The two most likely winners, former Florida Governor Jeb Bush and Wisconsin
Governor Scott Walker, are battling over whether to bomb Iran immediately
after being elected or after the first Cabinet meeting. The one candidate
with some foreign policy experience, Lindsey Graham, describes the deal as
“a death sentence for the state of Israel,” which will certainly come as a
surprise to Israeli intelligence and strategic analysts -- and which Graham
knows to be utter nonsense, raising immediate questions about actual
motives.
Keep in mind that the Republicans long ago abandoned the pretense of
functioning as a normal congressional party. They have, as respected
conservative political commentator Norman Ornstein of the right-wing
American Enterprise Institute observed, become a “radical insurgency” that
scarcely seeks to participate in normal congressional politics.

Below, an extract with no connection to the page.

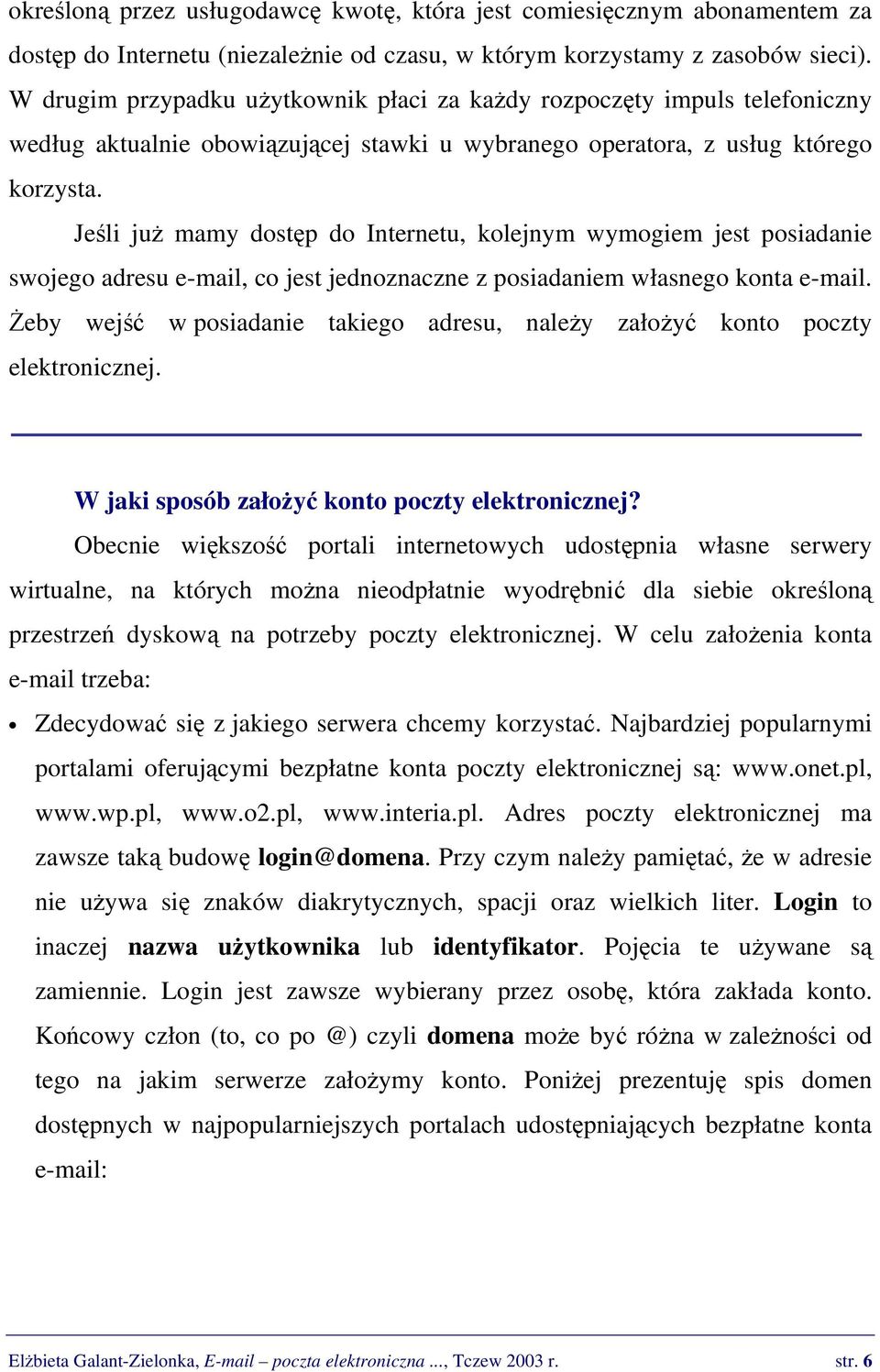 Jeśli już mamy dostęp do Internetu, kolejnym wymogiem jest posiadanie swojego adresu e-mail, co jest jednoznaczne z posiadaniem własnego konta e-mail.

Since the days of President Ronald Reagan, the party leadership has plunged
so far into the pockets of the very rich and the corporate sector that they
can attract votes only by mobilizing parts of the population that have not
previously been an organized political force. Among them are extremist
evangelical Christians, now probably a majority of Republican voters;
remnants of the former slave-holding states; nativists who are terrified
that “they” are taking our white Christian Anglo-Saxon country away from us;
and others who turn the Republican primaries into spectacles remote from the
mainstream of modern society -- though not from the mainstream of the most
powerful country in world history.
The departure from global standards, however, goes far beyond the bounds of
the Republican radical insurgency. Across the spectrum, there is, for
instance, general agreement with the “pragmatic” conclusion of General
Martin Dempsey, chairman of the Joint Chiefs of Staff, that the Vienna deal
does not “prevent the United States from striking Iranian facilities if
officials decide that it is cheating on the agreement,” even though a
unilateral military strike is “far less likely” if Iran behaves.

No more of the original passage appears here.